More comments on the tables in Give Us a Dollar and We’ll Give You Back Four (2012-13) [$11.99 PDF, no DRM; $21.95 paperback; $31.50 hardcover]…this time on libraries serving the fifth-largest patron size category: 18,500 to 24,999 potential patrons.
These are the largest libraries sometimes called “rural.” The tables include 492 libraries, with another 15 omitted. Funding patterns show an interesting concave pattern, with slightly more libraries in the two top and two bottom brackets, slightly fewer in the low middle categories ($17-$25.99, with 15.7% of the libraries compared to 19.6% overall—”slightly” is the appropriate word here).
The percentage of libraries and systems open at least 4,000 hours is exactly typical at 17%—and all but one of those is in the 4,000 to 10,000 hour category. At the other extreme, only 4% are open less than 40 hours per week, including two libraries open less than 35 hours per week. This is one group where median expenditures do not track well with hours in the benchmark table or, for that matter, as well as one might expect in the budget table.
Computers for patron use with internet access
One library or system has at least 100 computers (it’s a well-funded library at $92.82), and only 3% have fewer than six. The bulk—two-thirds—have 13 to 39, evenly split between 13-19 and 20-39. Expenditures do track consistently with number of PCs on the benchmark side, less consistently on the budget side (where libraries spending $21-$30 have more PCs than you might expect).
Circulation per capita
Another case where what’s striking is how typical these figures are. Cumulative percentages never vary by more than 2% from the overall figures, and that 2% variation is only in one case. Expenditures track cleanly with circulation and, except for the highest bracket (where libraries circulating 24 or more items per capita have an unusually high benefit ratio), benefit ratios are in an extremely narrow range, from 4.28 to 4.81.

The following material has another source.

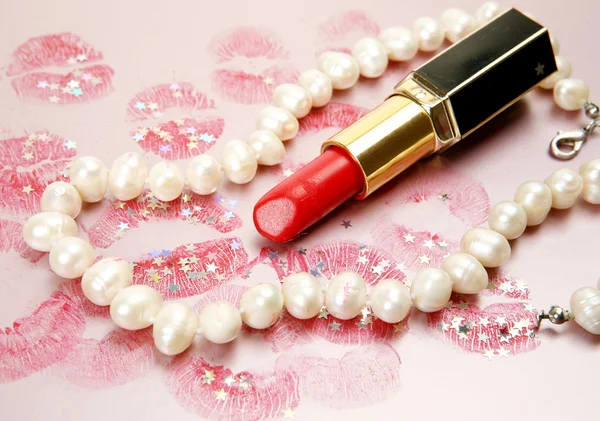 Rouge à lèvres et perles — Photo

This is another size category where tracking between spending and circulation isn’t quite as neat when viewed based on expenditure brackets, as libraries spending $53-$72.99 have somewhat lower median circulation than those spending $43-$52.99.
Computers per thousand patrons
Low at the top, high at the bottom: Only 6% of the libraries have at least two computers per thousand people—and nearly half (48%) have less than 0.8.
Circulation and patron visits per hour
One-sixth of these libraries show at least 110 circulations per hour and three out of ten have 45 or more circ per hour. Only 4% have less than one circ every six minutes—including seven with less than one every ten minutes. The budget table has some anomalies (libraries spending $43-$52.99 are considerably busier than those spending $53-$72.99), but the top four brackets all have medians over 71 circ per hour, and only the lowest bracket ($5-$11.99) falls below 30 per hour.
Three out of five libraries (62%) have at least one patron visit every two minutes; only nine libraries (2%) have less than six visits per hour, 4% less than nine.